Французы прошли без столкновений с греками, их вожди без сопротивления присягнули императору и получили богатые подарки. Этьен де Блуа писал жене — дочери Вильгельма Завоевателя: «Твой отец, моя любимая, раздавал многим и помногу, но столько едва ли». Французам было разрешено даже небольшими группами и в определенное время посетить константинопольские церкви. Крестоносцы были поражены богатством и размерами города, роскошью его дворцов, обилием и разнообразием товаров на рынках. Их удивило холодное отношение к ним людей, которых, как они думали, они пришли спасать. Зависть и презрение к грекам породили враждебность, впрочем, греки отвечали им тем же.
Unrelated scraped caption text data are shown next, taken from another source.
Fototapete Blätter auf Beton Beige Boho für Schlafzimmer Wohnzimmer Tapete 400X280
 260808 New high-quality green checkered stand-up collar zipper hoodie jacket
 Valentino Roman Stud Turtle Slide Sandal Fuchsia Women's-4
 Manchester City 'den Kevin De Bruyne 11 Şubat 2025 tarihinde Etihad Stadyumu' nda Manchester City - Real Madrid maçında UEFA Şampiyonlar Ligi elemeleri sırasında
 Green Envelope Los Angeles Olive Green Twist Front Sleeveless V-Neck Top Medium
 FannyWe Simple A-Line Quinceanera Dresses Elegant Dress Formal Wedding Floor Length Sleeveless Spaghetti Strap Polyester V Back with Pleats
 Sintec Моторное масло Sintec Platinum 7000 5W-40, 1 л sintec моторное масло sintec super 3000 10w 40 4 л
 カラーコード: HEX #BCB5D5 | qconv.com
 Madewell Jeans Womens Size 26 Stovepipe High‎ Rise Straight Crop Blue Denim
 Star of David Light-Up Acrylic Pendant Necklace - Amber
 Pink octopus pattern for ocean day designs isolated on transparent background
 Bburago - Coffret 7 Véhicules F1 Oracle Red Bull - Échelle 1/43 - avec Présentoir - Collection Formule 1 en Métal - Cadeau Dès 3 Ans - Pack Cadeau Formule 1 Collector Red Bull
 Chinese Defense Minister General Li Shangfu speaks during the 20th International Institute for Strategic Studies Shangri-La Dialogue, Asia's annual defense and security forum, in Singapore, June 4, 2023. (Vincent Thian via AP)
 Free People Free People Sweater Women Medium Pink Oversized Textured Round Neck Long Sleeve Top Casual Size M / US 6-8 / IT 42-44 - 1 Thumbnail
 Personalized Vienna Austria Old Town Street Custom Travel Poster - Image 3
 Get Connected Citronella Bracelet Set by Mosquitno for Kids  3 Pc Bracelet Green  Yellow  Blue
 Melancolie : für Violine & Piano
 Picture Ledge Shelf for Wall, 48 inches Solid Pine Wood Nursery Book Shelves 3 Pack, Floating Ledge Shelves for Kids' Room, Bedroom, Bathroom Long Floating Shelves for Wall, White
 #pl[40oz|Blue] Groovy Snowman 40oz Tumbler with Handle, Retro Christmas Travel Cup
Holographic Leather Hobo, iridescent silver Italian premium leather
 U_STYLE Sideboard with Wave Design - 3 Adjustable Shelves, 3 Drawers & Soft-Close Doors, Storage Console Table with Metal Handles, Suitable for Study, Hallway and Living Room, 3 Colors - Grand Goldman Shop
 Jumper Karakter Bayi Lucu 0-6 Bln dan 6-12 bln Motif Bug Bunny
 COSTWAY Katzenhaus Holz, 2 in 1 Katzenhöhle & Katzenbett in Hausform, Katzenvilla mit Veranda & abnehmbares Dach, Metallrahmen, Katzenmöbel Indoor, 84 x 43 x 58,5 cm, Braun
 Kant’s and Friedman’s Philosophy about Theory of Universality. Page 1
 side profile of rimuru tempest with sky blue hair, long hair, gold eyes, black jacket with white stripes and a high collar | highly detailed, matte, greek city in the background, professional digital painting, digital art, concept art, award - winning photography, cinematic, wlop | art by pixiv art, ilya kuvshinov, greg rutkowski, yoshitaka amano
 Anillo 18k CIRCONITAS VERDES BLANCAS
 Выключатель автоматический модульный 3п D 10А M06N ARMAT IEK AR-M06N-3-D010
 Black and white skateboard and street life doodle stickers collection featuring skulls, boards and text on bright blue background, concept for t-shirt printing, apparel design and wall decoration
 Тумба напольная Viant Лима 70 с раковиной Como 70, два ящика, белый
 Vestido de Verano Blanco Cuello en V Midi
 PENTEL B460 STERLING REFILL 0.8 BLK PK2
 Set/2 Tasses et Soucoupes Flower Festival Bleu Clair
Когда французские бароны приносили присягу императору, один из них сел на императорский трон, и тот не осмелился сделать ему замечание, «зная высокомерие франков». Когда князь Боэмунд указал барону на неприличие его поступка, тот воскликнул, глядя на императора: «Что за невежа, он сидит, в то время как так много знатных стоят перед ним!». Чересчур дружеское общение предводителей похода с императором и принесение ими присяги вызвали недовольство рядовых: «Как могли столь храбрые и суровые рыцари так поступить? Вероятно, их вынудила к этому жестокая необходимость», — говорит Аноним.